Zeitleiste: Das „Kaufhaus Österreich“ und das Auskunftsbegehren

10. Jänner 2021: Die Vorarlberger Nachrichten richten ihre Anfrage über die Zugriffszahlen auf das “Kaufhaus Österreich” an das damalige Bundesministerium für Digitalisierung und Wirtschaftsstandort.
7. März 2021: Die Frist für die Beantwortung der Anfrage verstreicht ohne Reaktion.
10. Juli 2021: Die Frist für die Erlassung eines Bescheids über die unbeantwortete Anfrage verstreicht ohne Reaktion.

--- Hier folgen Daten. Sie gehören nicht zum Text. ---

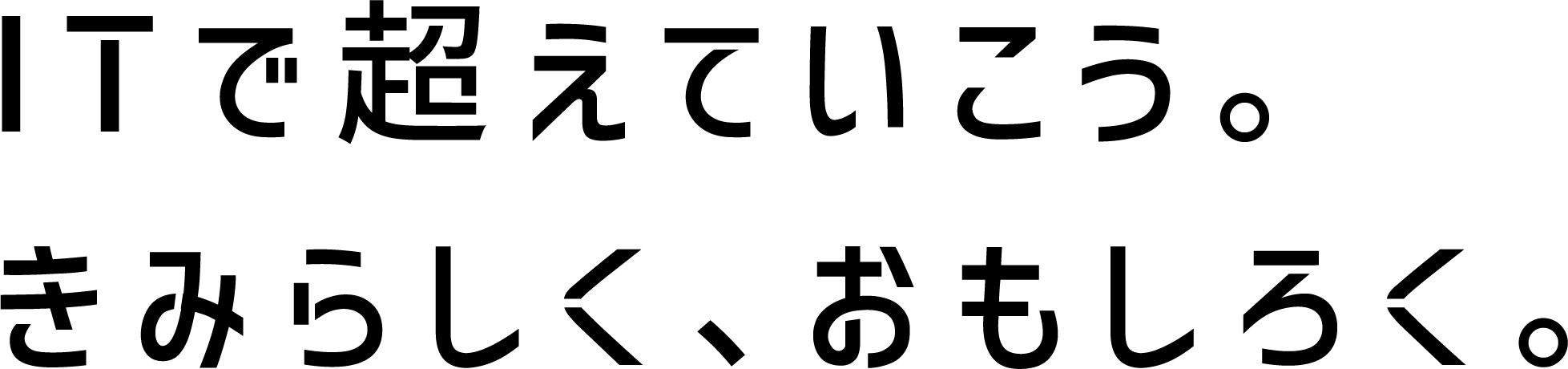 ITで超えていこう。きみらしく、おもしろく。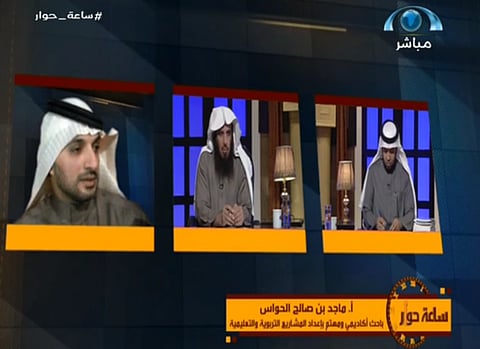الحواس: تحقيق الجودة في العملية التعليمية مرتبط بتوطين المعلمين والمعلمات واستقرارهم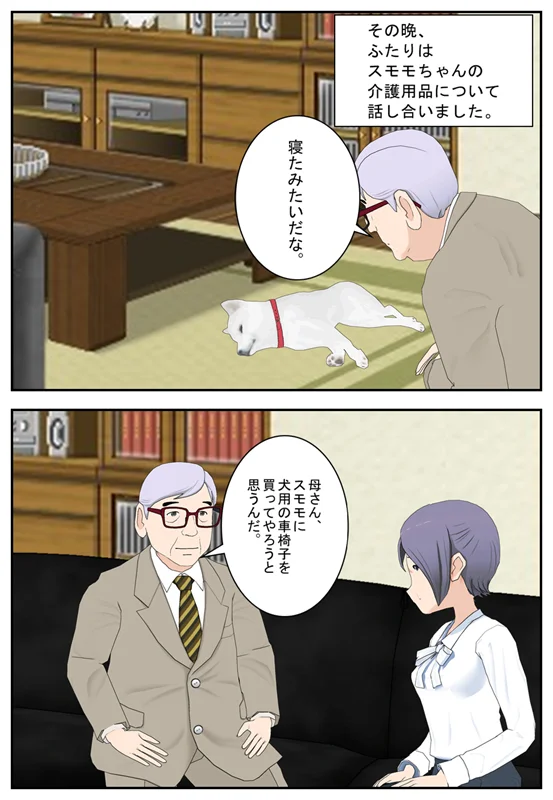 漫画ページ 26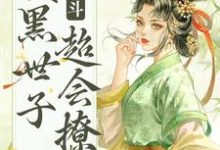 主角绵音萧鹤明小说完结版在线阅读,宫斗:腹黑世子超会撩免费看-干果文学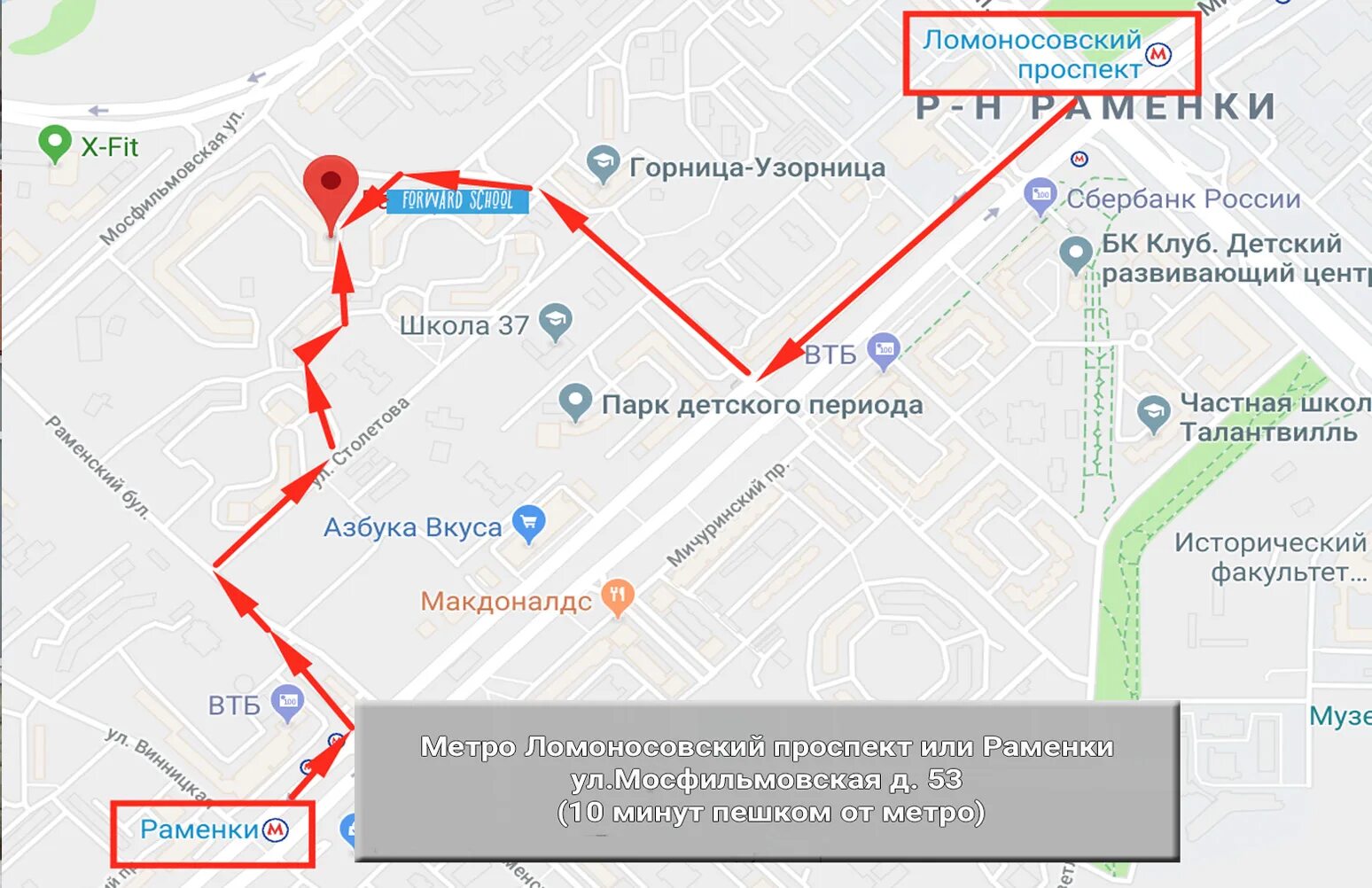 Ломоносовский проспект на карте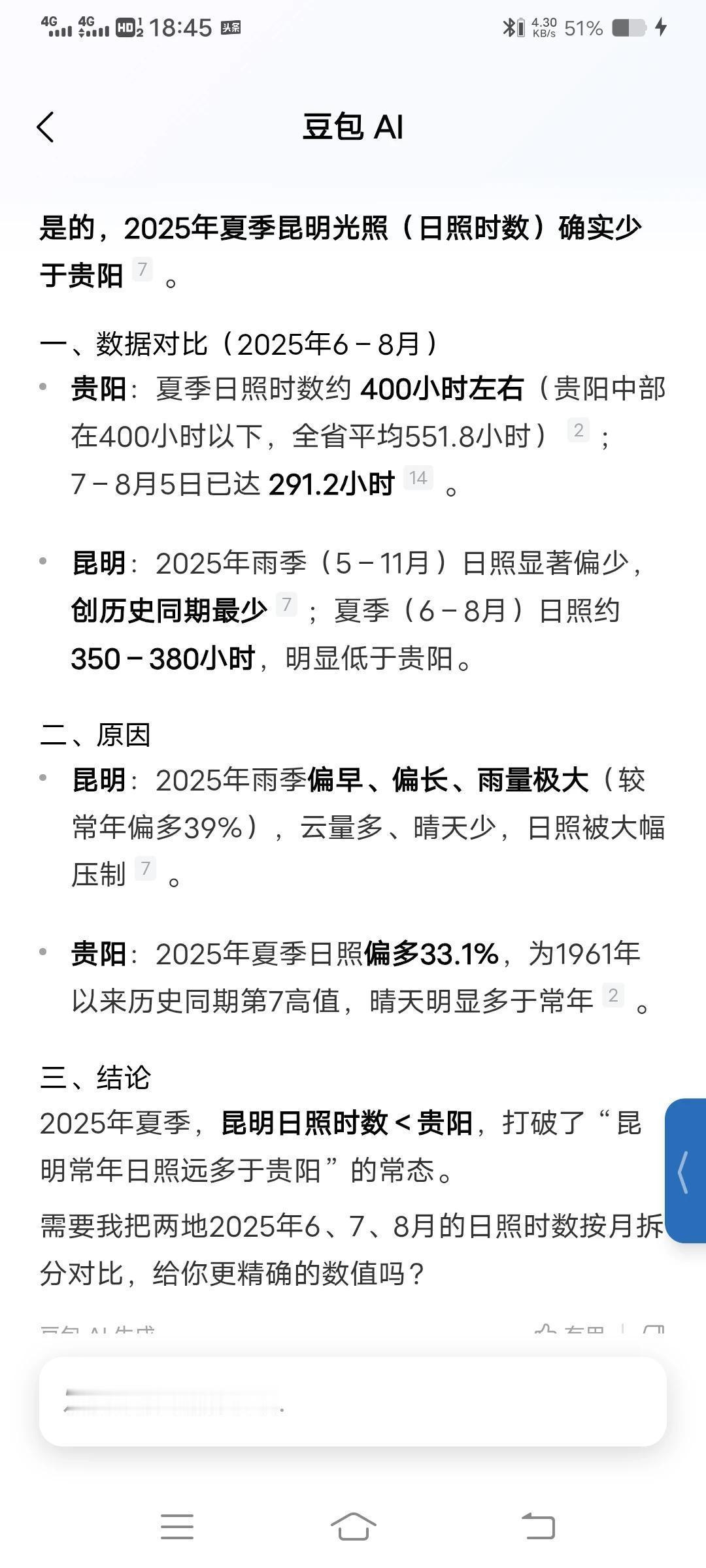 up主说:昆明海拔高，温差太大，紫外线太强，夏天连续下几个月雨，冬天风大，干燥。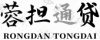 水滴信用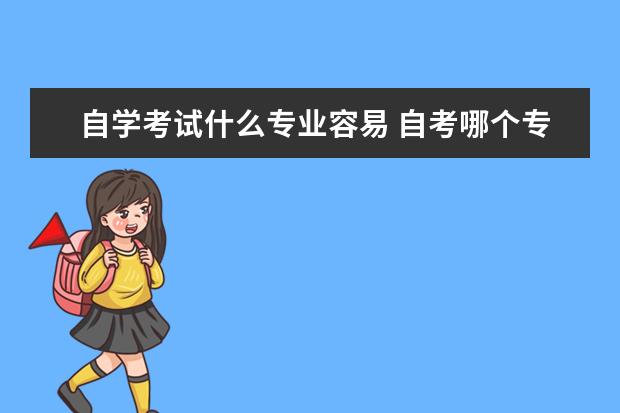 自学考试什么专业容易 自考哪个专业容易?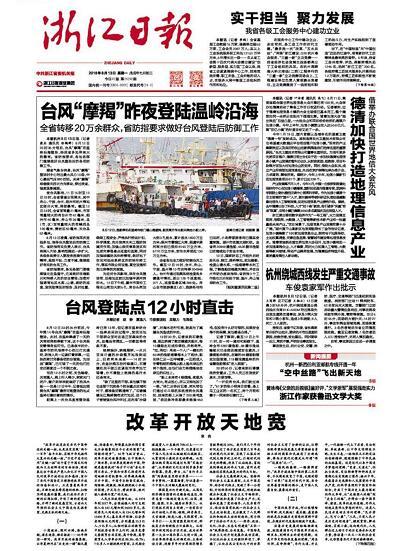 打布深深歌谱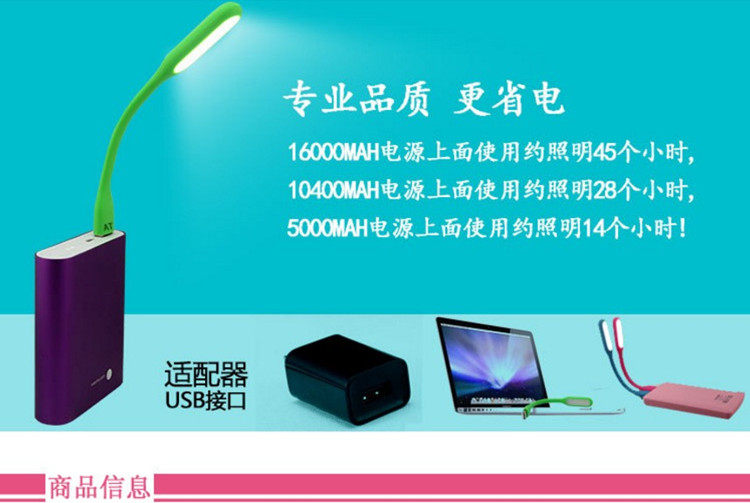 Lampe USB - Ref 376275 Image 13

20. April 2022: Die Vorarlberger Nachrichten bringen beim Bundesministerium für Digitalisierung und Wirtschaftsstandort eine Säumnisbeschwerde ein.
18. Juli 2022: Das Bundesministerium für Digitalisierung und Wirtschaftsstandort wird aufgelöst, die Zuständigkeit für das “Kaufhaus Österreich” wechselt mit der Sektion für Digitalisierung und E-Government in das Bundesministerium für Finanzen.
20. Juli 2022: Die neuerliche Frist für die Beantwortung der Anfrage bzw. für die Vorlage der Säumnisbeschwerde an das Bundesverwaltungsgericht verstreicht ohne Reaktion.
26. Juli 2022: Die Vorarlberger Nachrichten legen ihre Säumnisbeschwerde selbst dem Bundesverwaltungsgericht vor.
16. August 2022: Das Bundesverwaltungsgericht leitet die Säumnisbeschwerde dem neuen Bundesministerium für Arbeit und Wirtschaft weiter. Dieses leitet die Säumnisbeschwerde an das Bundesministerium für Finanzen weiter.
27. August 2022: Die Vorarlberger Nachrichten bitten das Bundesverwaltungsgericht um Behandlung der Säumnisbeschwerde. Dieses reagiert darauf nicht.
27. Mai 2023: Die Vorarlberger Nachrichten legen ihre Säumnisbeschwerde neuerlich dem Bundesverwaltungsgericht vor. Die Zuständigkeit für das Verfahren wechselt zu einem anderen Richter.
30. Oktober 2023: Das Bundesverwaltungsgericht setzt für die Behandlung der Säumnisbeschwerde eine mündliche Verhandlung am 27. November 2023 an und lädt den Redakteur der Vorarlberger Nachrichten sowie Vertreter des Bundesministeriums für Finanzen und des Bundesministeriums für Arbeit und Wirtschaft vor.
20. November 2023: Das Bundesministerium für Finanzen erteilt die Auskunft über die Zugriffe auf das „Kaufhaus Österreich“. Die Vorarlberger Nachrichten ziehen ihre Säumnisbeschwerde daraufhin zurück.
21. November 2023: Das Bundesverwaltungsgericht stellt das Verfahren über die Säumnisbeschwerde ein.